# [Activity]
Print every line of the data exactly as shown.

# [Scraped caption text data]
--- START ---

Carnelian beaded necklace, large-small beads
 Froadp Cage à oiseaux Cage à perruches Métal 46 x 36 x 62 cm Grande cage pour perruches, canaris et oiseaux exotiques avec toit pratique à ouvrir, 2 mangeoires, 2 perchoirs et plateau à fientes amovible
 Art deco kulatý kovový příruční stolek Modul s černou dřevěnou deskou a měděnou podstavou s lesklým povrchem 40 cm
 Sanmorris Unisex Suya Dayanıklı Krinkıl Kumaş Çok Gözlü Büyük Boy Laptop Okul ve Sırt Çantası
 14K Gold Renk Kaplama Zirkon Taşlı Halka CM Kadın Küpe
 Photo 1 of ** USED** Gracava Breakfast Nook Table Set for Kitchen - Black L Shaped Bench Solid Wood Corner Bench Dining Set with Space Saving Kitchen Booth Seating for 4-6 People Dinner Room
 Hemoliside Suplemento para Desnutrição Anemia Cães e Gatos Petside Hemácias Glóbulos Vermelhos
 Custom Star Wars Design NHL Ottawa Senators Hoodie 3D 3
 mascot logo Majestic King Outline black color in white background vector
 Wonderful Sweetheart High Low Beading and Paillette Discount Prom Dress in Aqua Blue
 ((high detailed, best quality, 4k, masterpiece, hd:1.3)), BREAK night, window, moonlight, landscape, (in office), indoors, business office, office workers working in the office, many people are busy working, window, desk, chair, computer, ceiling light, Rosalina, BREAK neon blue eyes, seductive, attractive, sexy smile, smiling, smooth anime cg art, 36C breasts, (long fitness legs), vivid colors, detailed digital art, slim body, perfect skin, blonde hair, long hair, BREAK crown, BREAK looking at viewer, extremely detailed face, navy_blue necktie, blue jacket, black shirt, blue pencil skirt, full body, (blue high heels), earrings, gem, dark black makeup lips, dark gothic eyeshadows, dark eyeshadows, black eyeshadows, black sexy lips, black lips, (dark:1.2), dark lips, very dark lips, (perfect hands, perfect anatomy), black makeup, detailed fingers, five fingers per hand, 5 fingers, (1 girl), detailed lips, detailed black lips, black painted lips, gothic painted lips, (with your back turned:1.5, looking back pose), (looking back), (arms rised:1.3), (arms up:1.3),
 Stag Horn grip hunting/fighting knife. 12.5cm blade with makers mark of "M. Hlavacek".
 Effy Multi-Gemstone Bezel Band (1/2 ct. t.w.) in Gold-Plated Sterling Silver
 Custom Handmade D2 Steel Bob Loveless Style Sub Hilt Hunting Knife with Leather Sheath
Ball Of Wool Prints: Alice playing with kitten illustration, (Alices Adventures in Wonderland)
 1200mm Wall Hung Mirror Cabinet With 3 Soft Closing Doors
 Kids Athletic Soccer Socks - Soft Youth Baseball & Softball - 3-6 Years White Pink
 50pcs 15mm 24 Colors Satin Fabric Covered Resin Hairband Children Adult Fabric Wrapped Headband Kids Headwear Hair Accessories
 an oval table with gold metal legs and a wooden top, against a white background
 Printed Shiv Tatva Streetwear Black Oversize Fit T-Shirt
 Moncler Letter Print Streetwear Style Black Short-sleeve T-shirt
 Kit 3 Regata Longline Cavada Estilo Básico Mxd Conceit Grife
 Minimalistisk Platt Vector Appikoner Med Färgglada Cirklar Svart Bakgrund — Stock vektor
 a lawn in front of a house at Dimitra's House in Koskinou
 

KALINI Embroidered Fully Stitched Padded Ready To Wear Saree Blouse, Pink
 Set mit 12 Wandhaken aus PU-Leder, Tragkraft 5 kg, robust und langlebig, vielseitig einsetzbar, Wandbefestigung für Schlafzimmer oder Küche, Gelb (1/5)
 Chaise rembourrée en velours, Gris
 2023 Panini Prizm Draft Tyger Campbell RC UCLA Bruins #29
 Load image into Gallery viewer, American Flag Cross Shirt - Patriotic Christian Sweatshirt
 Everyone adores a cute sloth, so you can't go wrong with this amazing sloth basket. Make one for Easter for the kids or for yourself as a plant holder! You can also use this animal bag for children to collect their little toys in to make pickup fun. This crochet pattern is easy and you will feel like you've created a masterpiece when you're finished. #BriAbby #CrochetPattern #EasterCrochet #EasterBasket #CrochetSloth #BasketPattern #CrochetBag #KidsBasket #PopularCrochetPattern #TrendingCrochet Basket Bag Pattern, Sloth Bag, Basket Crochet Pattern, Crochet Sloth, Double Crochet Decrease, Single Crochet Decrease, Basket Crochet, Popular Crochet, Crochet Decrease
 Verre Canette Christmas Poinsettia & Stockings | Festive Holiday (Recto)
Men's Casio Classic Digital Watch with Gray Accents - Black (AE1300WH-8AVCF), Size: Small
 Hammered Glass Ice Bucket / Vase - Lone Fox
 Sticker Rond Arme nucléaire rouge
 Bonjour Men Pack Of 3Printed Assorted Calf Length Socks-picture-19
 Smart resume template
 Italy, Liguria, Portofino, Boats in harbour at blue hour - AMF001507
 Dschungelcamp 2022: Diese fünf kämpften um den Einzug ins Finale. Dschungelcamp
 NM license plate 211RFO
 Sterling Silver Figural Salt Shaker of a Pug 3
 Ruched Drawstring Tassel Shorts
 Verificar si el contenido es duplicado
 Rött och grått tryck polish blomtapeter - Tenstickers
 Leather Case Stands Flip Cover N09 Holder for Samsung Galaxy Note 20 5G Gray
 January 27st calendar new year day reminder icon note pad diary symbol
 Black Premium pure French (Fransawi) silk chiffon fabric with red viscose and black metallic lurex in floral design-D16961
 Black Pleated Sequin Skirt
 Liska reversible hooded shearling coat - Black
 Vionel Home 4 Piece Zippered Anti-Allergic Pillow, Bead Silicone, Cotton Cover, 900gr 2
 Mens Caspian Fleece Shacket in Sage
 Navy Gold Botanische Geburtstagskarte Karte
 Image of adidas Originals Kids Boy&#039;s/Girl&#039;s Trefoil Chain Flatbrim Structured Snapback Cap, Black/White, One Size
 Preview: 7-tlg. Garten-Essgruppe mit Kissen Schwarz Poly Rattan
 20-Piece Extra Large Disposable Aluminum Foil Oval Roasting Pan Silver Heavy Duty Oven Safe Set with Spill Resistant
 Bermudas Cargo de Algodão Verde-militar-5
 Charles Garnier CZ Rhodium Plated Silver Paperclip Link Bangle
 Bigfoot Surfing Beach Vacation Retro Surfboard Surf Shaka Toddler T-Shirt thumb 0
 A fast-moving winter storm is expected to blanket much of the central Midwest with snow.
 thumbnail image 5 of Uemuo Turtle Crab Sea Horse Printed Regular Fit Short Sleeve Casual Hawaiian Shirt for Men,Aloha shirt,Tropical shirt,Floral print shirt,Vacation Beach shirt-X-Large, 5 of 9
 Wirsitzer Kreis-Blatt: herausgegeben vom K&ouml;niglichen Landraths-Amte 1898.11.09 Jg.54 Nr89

--- END ---

# [Written response]
Carnelian beaded necklace, large-small beads
 Froadp Cage à oiseaux Cage à perruches Métal 46 x 36 x 62 cm Grande cage pour perruches, canaris et oiseaux exotiques avec toit pratique à ouvrir, 2 mangeoires, 2 perchoirs et plateau à fientes amovible
 Art deco kulatý kovový příruční stolek Modul s černou dřevěnou deskou a měděnou podstavou s lesklým povrchem 40 cm
 Sanmorris Unisex Suya Dayanıklı Krinkıl Kumaş Çok Gözlü Büyük Boy Laptop Okul ve Sırt Çantası
 14K Gold Renk Kaplama Zirkon Taşlı Halka CM Kadın Küpe
 Photo 1 of ** USED** Gracava Breakfast Nook Table Set for Kitchen - Black L Shaped Bench Solid Wood Corner Bench Dining Set with Space Saving Kitchen Booth Seating for 4-6 People Dinner Room
 Hemoliside Suplemento para Desnutrição Anemia Cães e Gatos Petside Hemácias Glóbulos Vermelhos
 Custom Star Wars Design NHL Ottawa Senators Hoodie 3D 3
 mascot logo Majestic King Outline black color in white background vector
 Wonderful Sweetheart High Low Beading and Paillette Discount Prom Dress in Aqua Blue
 ((high detailed, best quality, 4k, masterpiece, hd:1.3)), BREAK night, window, moonlight, landscape, (in office), indoors, business office, office workers working in the office, many people are busy working, window, desk, chair, computer, ceiling light, Rosalina, BREAK neon blue eyes, seductive, attractive, sexy smile, smiling, smooth anime cg art, 36C breasts, (long fitness legs), vivid colors, detailed digital art, slim body, perfect skin, blonde hair, long hair, BREAK crown, BREAK looking at viewer, extremely detailed face, navy_blue necktie, blue jacket, black shirt, blue pencil skirt, full body, (blue high heels), earrings, gem, dark black makeup lips, dark gothic eyeshadows, dark eyeshadows, black eyeshadows, black sexy lips, black lips, (dark:1.2), dark lips, very dark lips, (perfect hands, perfect anatomy), black makeup, detailed fingers, five fingers per hand, 5 fingers, (1 girl), detailed lips, detailed black lips, black painted lips, gothic painted lips, (with your back turned:1.5, looking back pose), (looking back), (arms rised:1.3), (arms up:1.3),
 Stag Horn grip hunting/fighting knife. 12.5cm blade with makers mark of "M. Hlavacek".
 Effy Multi-Gemstone Bezel Band (1/2 ct. t.w.) in Gold-Plated Sterling Silver
 Custom Handmade D2 Steel Bob Loveless Style Sub Hilt Hunting Knife with Leather Sheath
Ball Of Wool Prints: Alice playing with kitten illustration, (Alices Adventures in Wonderland)
 1200mm Wall Hung Mirror Cabinet With 3 Soft Closing Doors
 Kids Athletic Soccer Socks - Soft Youth Baseball & Softball - 3-6 Years White Pink
 50pcs 15mm 24 Colors Satin Fabric Covered Resin Hairband Children Adult Fabric Wrapped Headband Kids Headwear Hair Accessories
 an oval table with gold metal legs and a wooden top, against a white background
 Printed Shiv Tatva Streetwear Black Oversize Fit T-Shirt
 Moncler Letter Print Streetwear Style Black Short-sleeve T-shirt
 Kit 3 Regata Longline Cavada Estilo Básico Mxd Conceit Grife
 Minimalistisk Platt Vector Appikoner Med Färgglada Cirklar Svart Bakgrund — Stock vektor
 a lawn in front of a house at Dimitra's House in Koskinou
 

KALINI Embroidered Fully Stitched Padded Ready To Wear Saree Blouse, Pink
 Set mit 12 Wandhaken aus PU-Leder, Tragkraft 5 kg, robust und langlebig, vielseitig einsetzbar, Wandbefestigung für Schlafzimmer oder Küche, Gelb (1/5)
 Chaise rembourrée en velours, Gris
 2023 Panini Prizm Draft Tyger Campbell RC UCLA Bruins #29
 Load image into Gallery viewer, American Flag Cross Shirt - Patriotic Christian Sweatshirt
 Everyone adores a cute sloth, so you can't go wrong with this amazing sloth basket. Make one for Easter for the kids or for yourself as a plant holder! You can also use this animal bag for children to collect their little toys in to make pickup fun. This crochet pattern is easy and you will feel like you've created a masterpiece when you're finished. #BriAbby #CrochetPattern #EasterCrochet #EasterBasket #CrochetSloth #BasketPattern #CrochetBag #KidsBasket #PopularCrochetPattern #TrendingCrochet Basket Bag Pattern, Sloth Bag, Basket Crochet Pattern, Crochet Sloth, Double Crochet Decrease, Single Crochet Decrease, Basket Crochet, Popular Crochet, Crochet Decrease
 Verre Canette Christmas Poinsettia & Stockings | Festive Holiday (Recto)
Men's Casio Classic Digital Watch with Gray Accents - Black (AE1300WH-8AVCF), Size: Small
 Hammered Glass Ice Bucket / Vase - Lone Fox
 Sticker Rond Arme nucléaire rouge
 Bonjour Men Pack Of 3Printed Assorted Calf Length Socks-picture-19
 Smart resume template
 Italy, Liguria, Portofino, Boats in harbour at blue hour - AMF001507
 Dschungelcamp 2022: Diese fünf kämpften um den Einzug ins Finale. Dschungelcamp
 NM license plate 211RFO
 Sterling Silver Figural Salt Shaker of a Pug 3
 Ruched Drawstring Tassel Shorts
 Verificar si el contenido es duplicado
 Rött och grått tryck polish blomtapeter - Tenstickers
 Leather Case Stands Flip Cover N09 Holder for Samsung Galaxy Note 20 5G Gray
 January 27st calendar new year day reminder icon note pad diary symbol
 Black Premium pure French (Fransawi) silk chiffon fabric with red viscose and black metallic lurex in floral design-D16961
 Black Pleated Sequin Skirt
 Liska reversible hooded shearling coat - Black
 Vionel Home 4 Piece Zippered Anti-Allergic Pillow, Bead Silicone, Cotton Cover, 900gr 2
 Mens Caspian Fleece Shacket in Sage
 Navy Gold Botanische Geburtstagskarte Karte
 Image of adidas Originals Kids Boy&#039;s/Girl&#039;s Trefoil Chain Flatbrim Structured Snapback Cap, Black/White, One Size
 Preview: 7-tlg. Garten-Essgruppe mit Kissen Schwarz Poly Rattan
 20-Piece Extra Large Disposable Aluminum Foil Oval Roasting Pan Silver Heavy Duty Oven Safe Set with Spill Resistant
 Bermudas Cargo de Algodão Verde-militar-5
 Charles Garnier CZ Rhodium Plated Silver Paperclip Link Bangle
 Bigfoot Surfing Beach Vacation Retro Surfboard Surf Shaka Toddler T-Shirt thumb 0
 A fast-moving winter storm is expected to blanket much of the central Midwest with snow.
 thumbnail image 5 of Uemuo Turtle Crab Sea Horse Printed Regular Fit Short Sleeve Casual Hawaiian Shirt for Men,Aloha shirt,Tropical shirt,Floral print shirt,Vacation Beach shirt-X-Large, 5 of 9
 Wirsitzer Kreis-Blatt: herausgegeben vom K&ouml;niglichen Landraths-Amte 1898.11.09 Jg.54 Nr89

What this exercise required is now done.